Everything you want to know about...
Baby Puckoo: Bub
Group of Puckoos: A Dunce
Commonly referred to as the “sand puckoo”, ringadots are feisty little desert-dwelling creatures that are very common in dry locals where the more common puckoo cannot survive. These quick scamps have sleek, aerodynamic fins and strong legs more than adept at speeding them through loose sandy terrain. They are equally as stupid as their puckoo cousins, and farmed in a very similar way.
Ringadot vs. Puckoo
Puckoos are colored similar to koi fish, with spots and patches or yellow/orange/black. Ringadots however, are much plainer, sporting a sandy look to blend in with their environment. They also have signature "ring" markings! (But not always!)
Puckoo females are bald, while males have a finny frill on their heads. Ringadots however, all sport a single sharp fin on their heads.
Puckoo have a forked fin tail, while ringadots have a single shaped fin tail.
Both male species have a droopy set of whiskers hanging from their mouths.
Puckoo require lakes or wet areas to thrive, while ringadots prefer drier, arid areas.
Ringadots have smaller, oval pupils compared to the large round eyes of the puckoos.
Like puckoo, ringadots have a unique diet that consists mostly of small rocks.
They don't actually eat them, but instead scrape off all the bacteria, moss, and other microscopic stuff from the surface. They spit the rocks out once they are sucked dry.
Ringadots have also been observed sifting sand through their mouths when wallowing in it. It’s theorized that ringadots manage to scrape some nutritional value from any bacteria in the sand. That... or they’re just too dense to completely close their mouths when sand-bathing.
In the Wild
Ringadots commonly live in dry, desert areas and are never found naturally in any other climate due to their very specific desert adaptations. In fact, living in climates with high moisture in the air can lead to fungal growth on the ringadot’s skin that can lead to itching, infection, and even dire illness if the ringadot is not cared for properly.

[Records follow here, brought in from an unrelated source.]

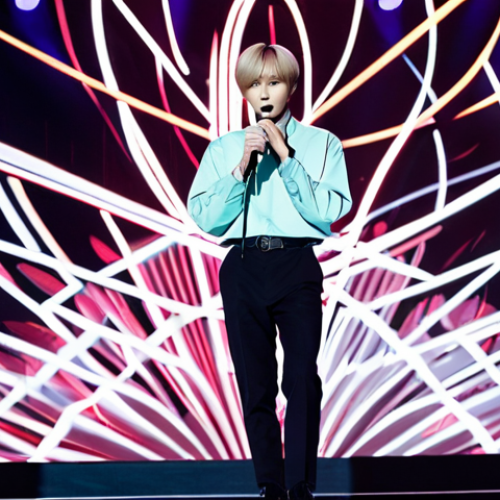 Home 12 **
"Taemin, a professional singer, on stage during a concert, fully clothed in a modest and stylish performance outfit, dynamic lighting, energetic atmosphere, professional stage setup, background with abstract art projections, appropriate attire, safe for work, perfect anatomy, correct proportions, natural pose, well-formed hands, proper finger count, family-friendly."
**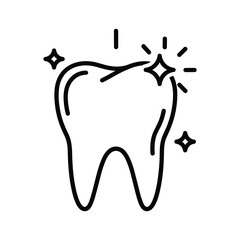 Clean shiny tooth icon, dental care and hygiene concept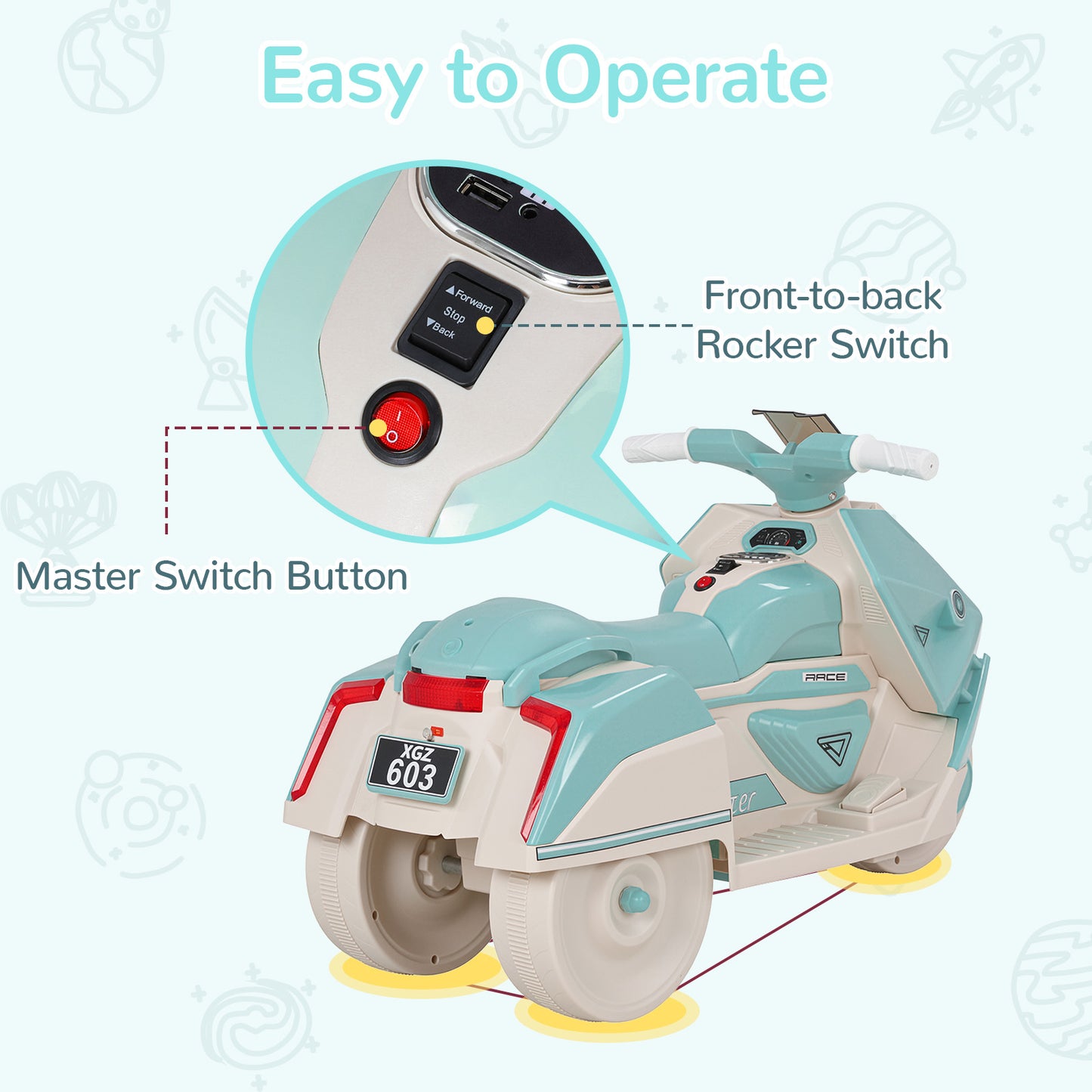 Pirecart Kids Electric Motorcycle, 6V Toddler Motorcycle with Realistic Sounds, LED Light, Children Ride on Toy with MP3/USB, Non-Slip Tires, Gift for Age 3+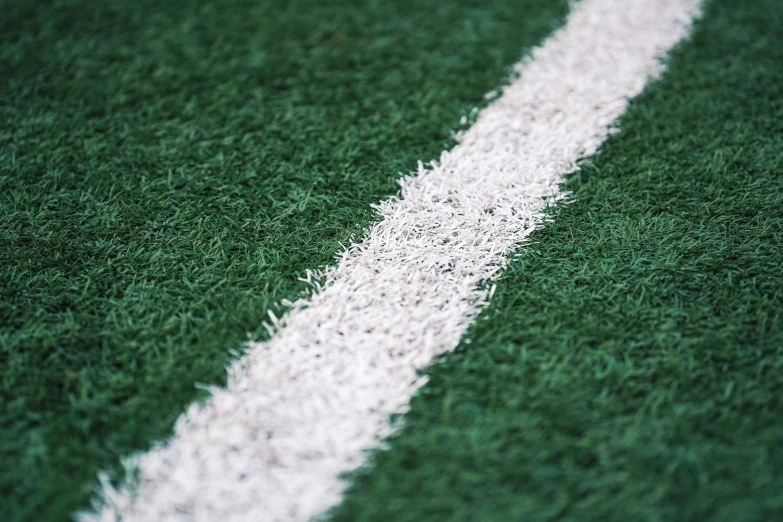 the stripe on a field with green grass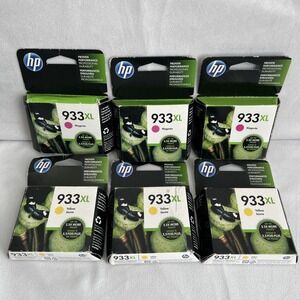 HP 933XL Ink Yellow 3 Magenta 3‎ Dated April-May 2018 Lot Of 6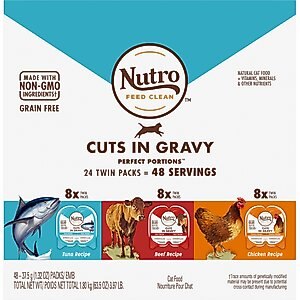 Nutro Perfect Portions Grain-Free Cuts in Gravy Variety Pack Beef, Tuna & Chicken Recipe Adult Wet Cat Food Trays, 2.64-oz, case of 24 twin-packs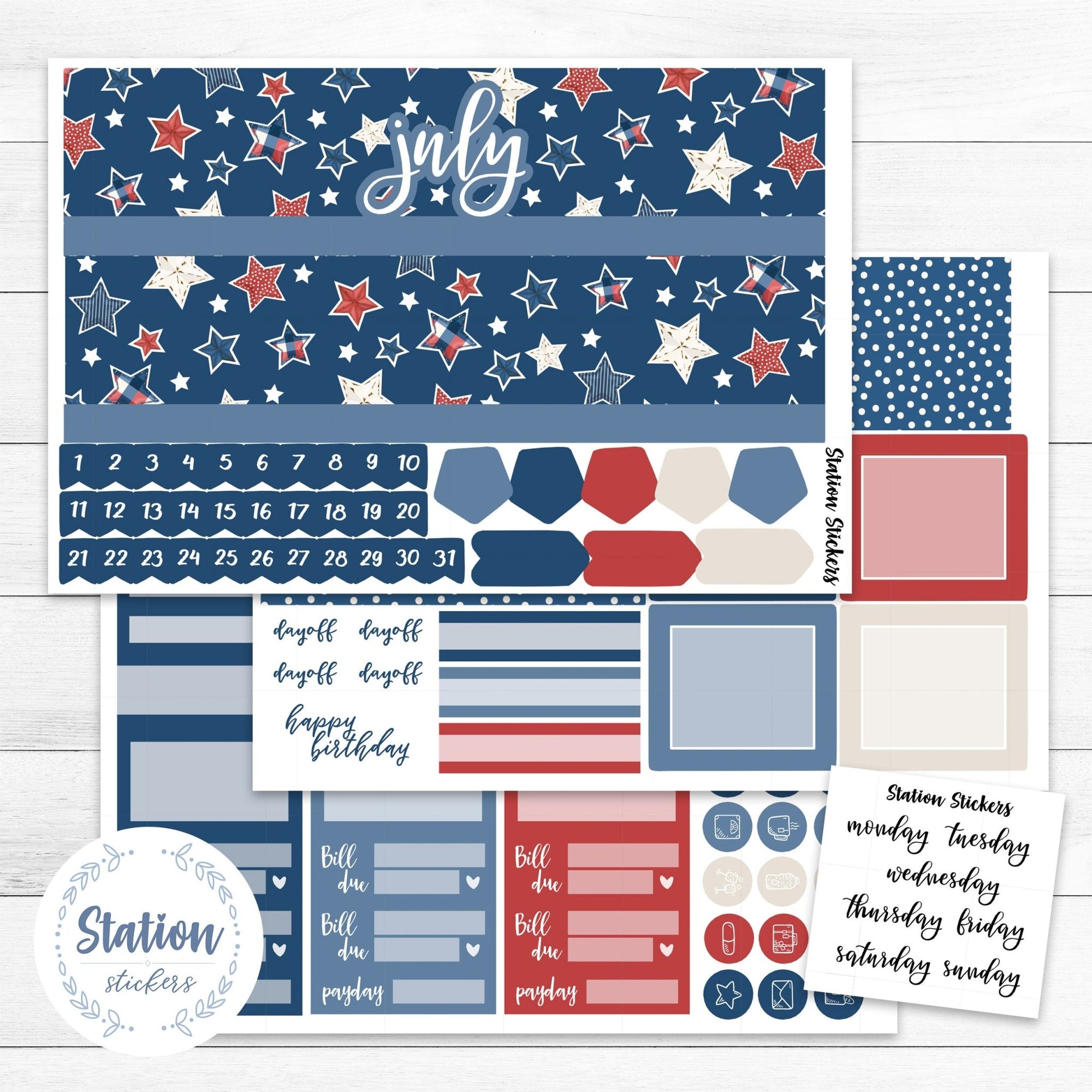 MONTHLY STANDARD 1.6" • STARS - Station Stickers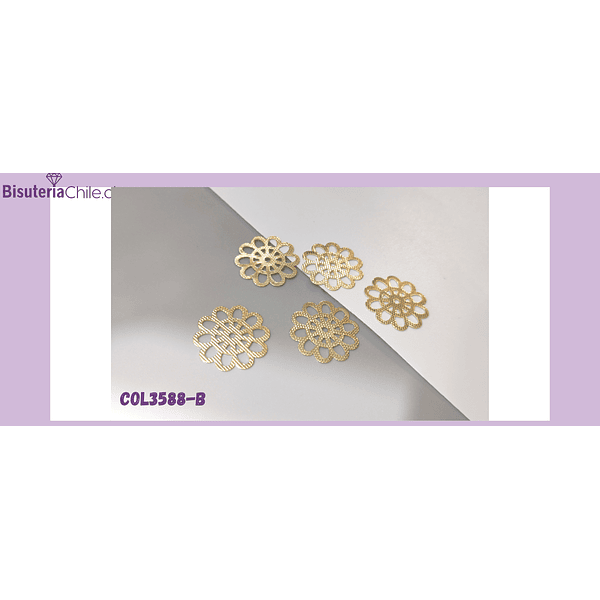 Colgante delgado baño de oro 18k con textura, en forma de flor, 24 mm, set de 12 unidades por mayor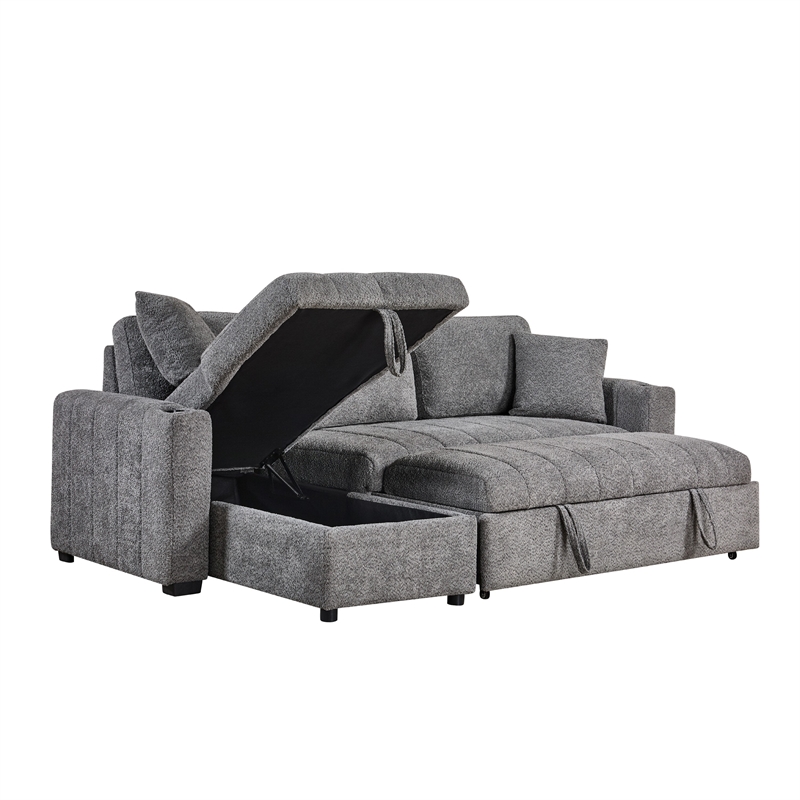Sery Sleeper Sectional- Storage Chaise- 2 Accent Pillows- Gray Boucle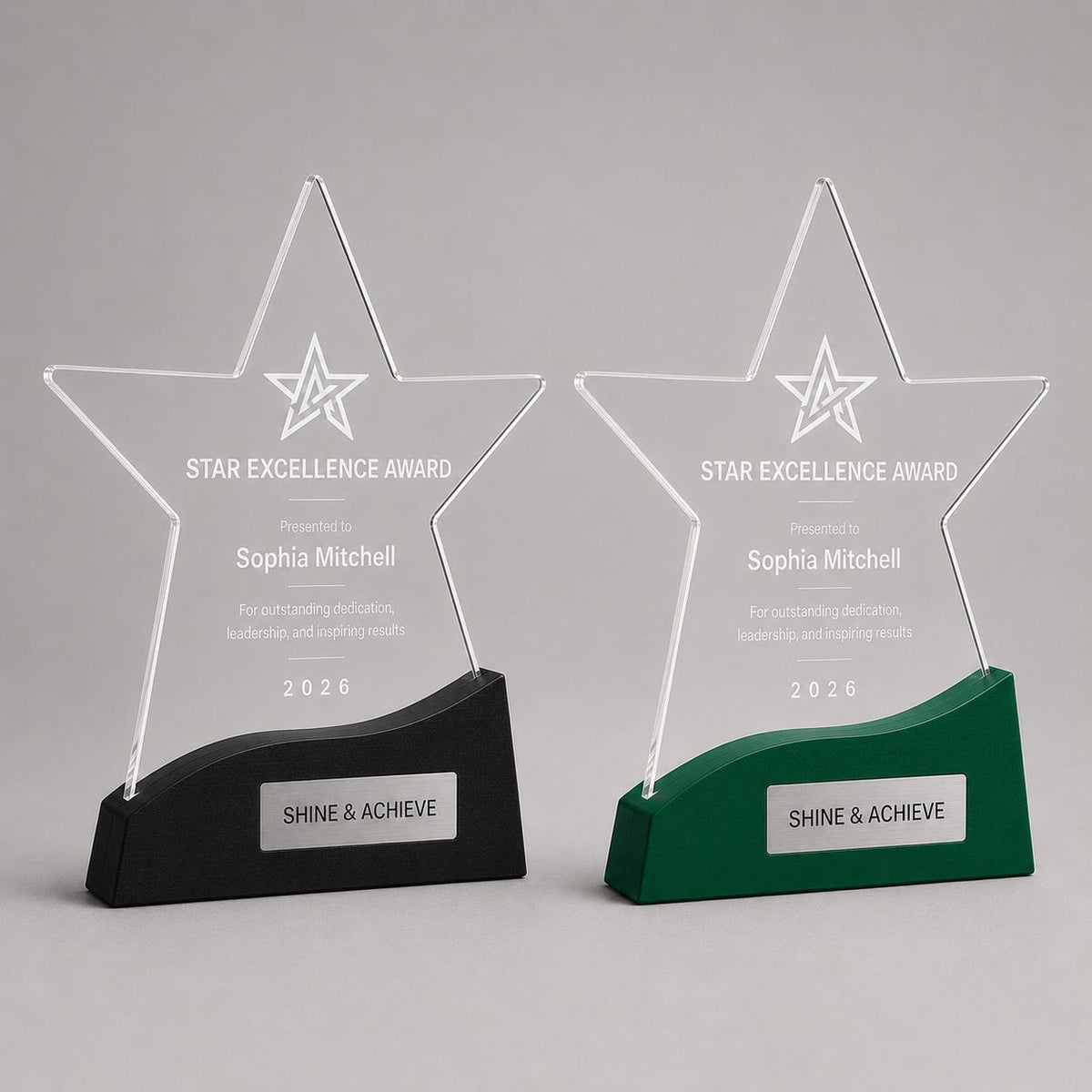 Premio stelle ufficio colorato inciso su plexiglas personalizzato, design personalizzato, targa moderna in plexiglas, personalizzabile targa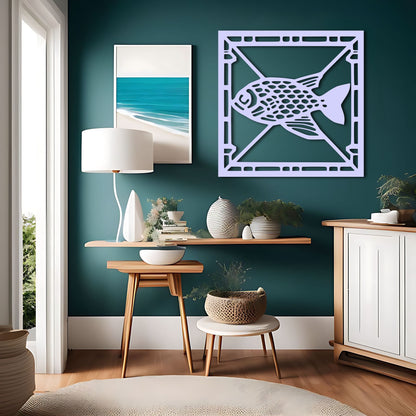 Art Deco Fish in Chinese Style Square Border Wall Art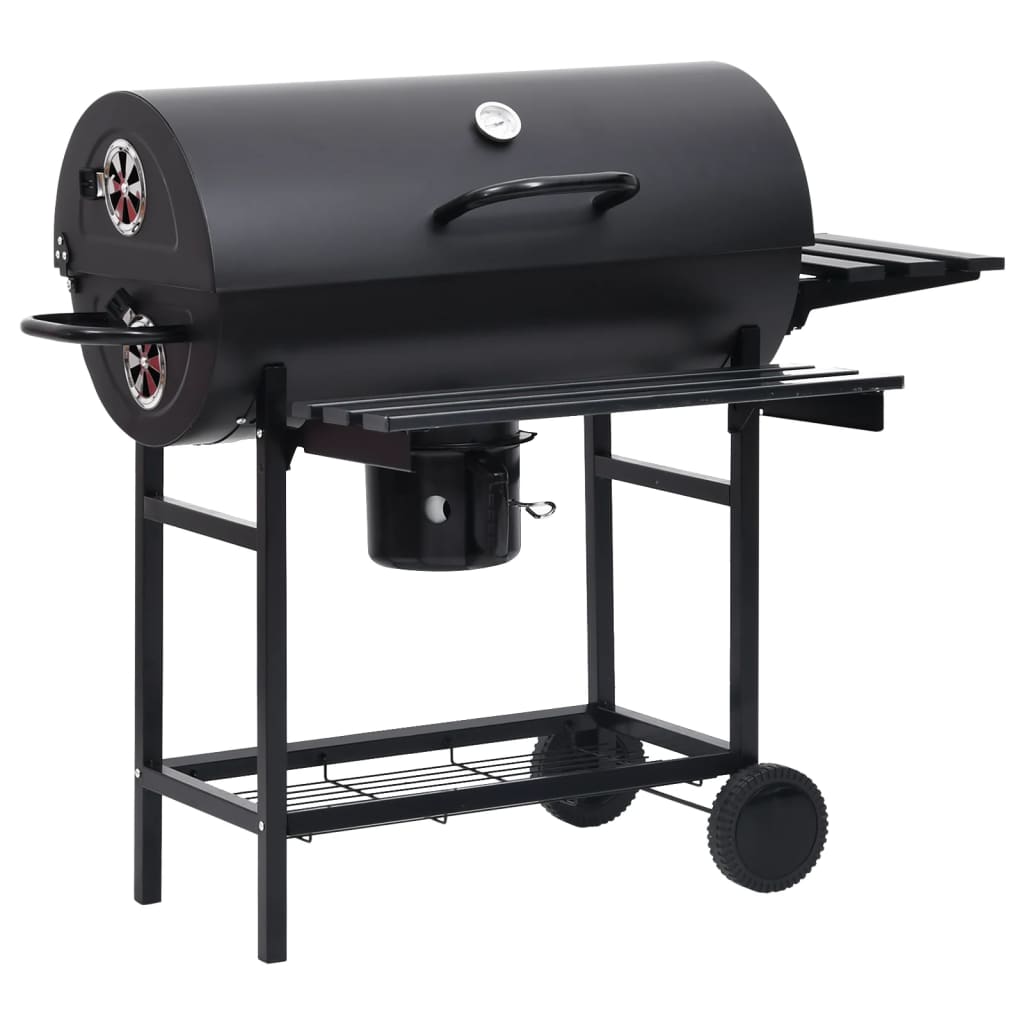 Grillwagen Mit Rädern Und Ablagen Schwarz Stahl 115X85X95 Cm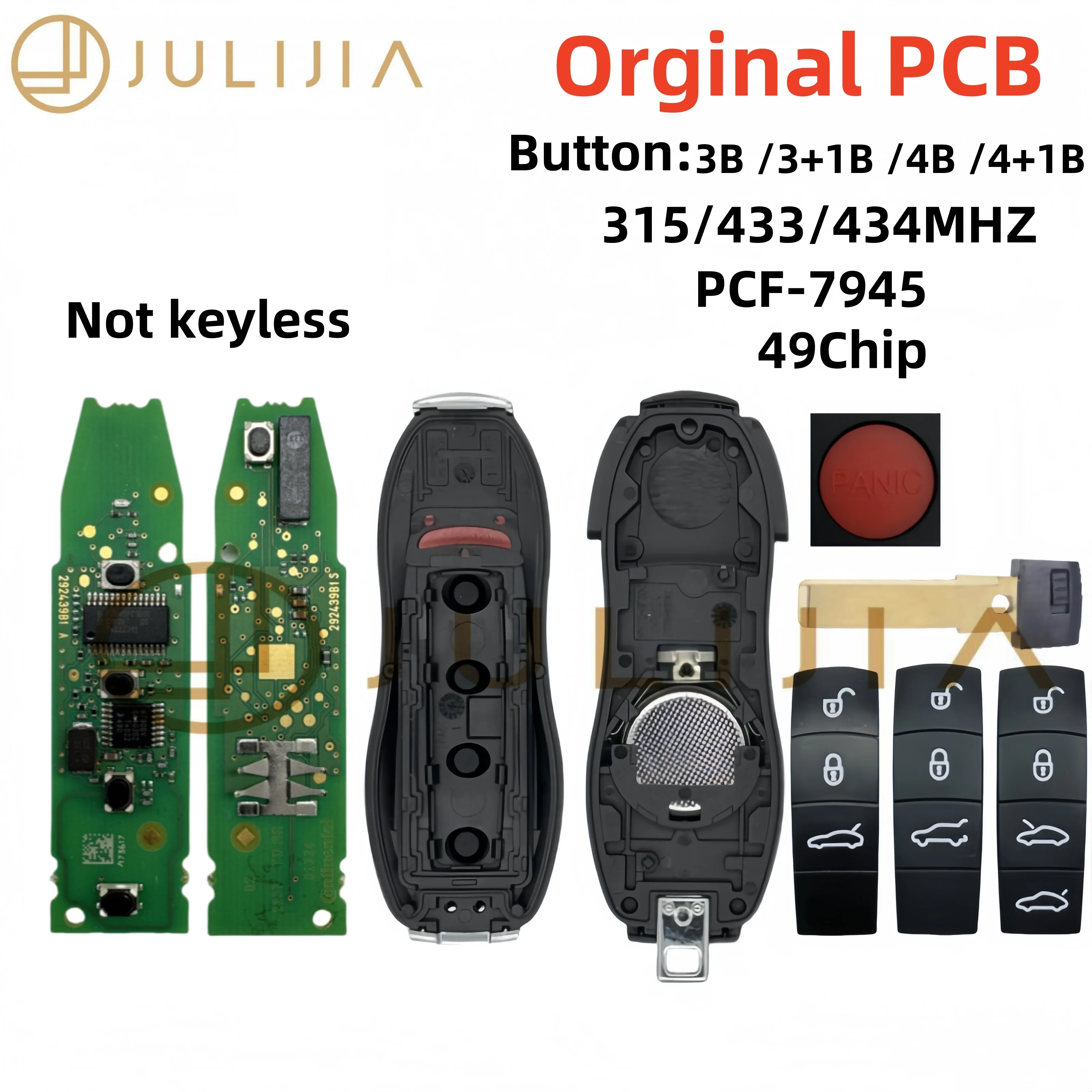 

pcb original para porsche 911 boxter cayenne (958) 2010 - 2017 315/433/434mhz 7945p chip chave inteligente sem chave kr55wk50138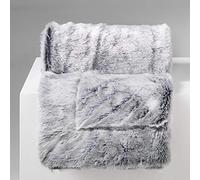 Douceur d'Intérieur, Plaid Chaud Hiver (180 x 220 cm) Antartic Gris, Imitation Fourrure et Polaire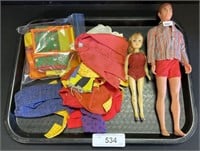 Vintage Ken & Skipper Dolls w/ Accessories.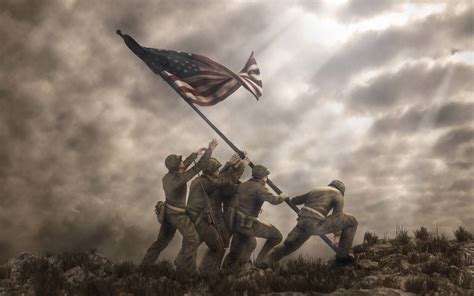 Soldiers Lifting Flag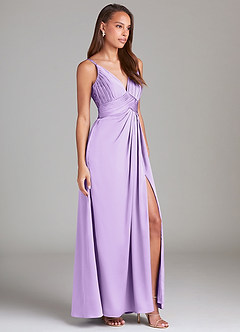 Azazie Maren Allure Bridesmaid Dresses Lilac A-Line Lace Stretch Satin Dress image4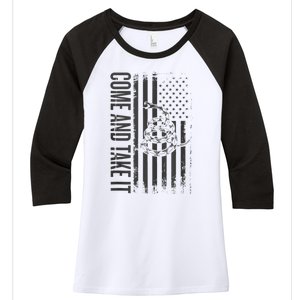 Come And Take It American Flag & Snake Tactical Women's Tri-Blend 3/4-Sleeve Raglan Shirt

They live in large dunces of up to 12-30 grown individuals, roaming between rocky desert locations.
They often live close to or alongside quarry ori droves, specifically around the ori’s nesting grounds. Ringadots often sneakily take over ori nests before the ori egg is laid, filling the pre-dug hole with their own eggs before burying them so they can incubate. The ringadots use the oris as large would-be protectors against bigger predators, having learned the massive oris won’t bother them. The oris in turn do not chase off the ringadots, as the smaller runners are good decoys for sneakier desert predators that would otherwise go after the ori’s next generation of chicks.
Unlike the proliffic puckoo, ringadots only lay 2-6 eggs per clutch, and only during the more temperate early spring months of the desert season. This ensures their population remains steady without overwhelming their natural resources. Although in captivity, the ringadots commonly produce significantly more eggs.
Owning a Ringadot
Ringadots are not a common (or desirable) livestock animal. They are much more feisty and flighty than puckoo, and far more prone to difficulties when kept in captivity. Ringadots require a very dry environment with plenty of sand for bathing in, and a massive living space compared to their diminutive size. Even in drier areas such as Last Notch, livestock farmers prefer creating artificial ponds and keeping puckoo, rather than ringadots.
They require a large dunce in order to be happy, as a ringadot in a group that’s too small (or by itself) startles and panics at any little thing, along with generally living a very stressed (and likely short) captive life. Ringadots require high numbers to feel secure. Luckily, they can be placed in with puckoo dunces quite easily.
Even when reared by wyngrew from hatching, ringadots tend to be harder to tame than their puckoo cousins. They have a more active life-style, and are less domesticated than puckoos. In fact, many believe the ringadot to be an insight on a puckoo before it was domesticated so heavily.
In most drier towns and quarries, ringadots are considered a pest animal. Their tendency to bolt in a mass often lead to dunces of ringadots tripping up passerby wyngrew or quarry workers when they inevitably get spooked and flee. They are also more inquisitive than puckoos, often moving things around or overturning objects in their search for tasty rocks.
As a result, ringadots are often a common food staple in drier places. They taste quite similar to puckoo, though many food connoisseurs consider ringadot the gamier meat.
Many wyngrew set traps for them in quarry sites, or send in coatala to hunt them. Although easy to be rid of, because of their short life span, the little pests inevitably always seem to come back after a while.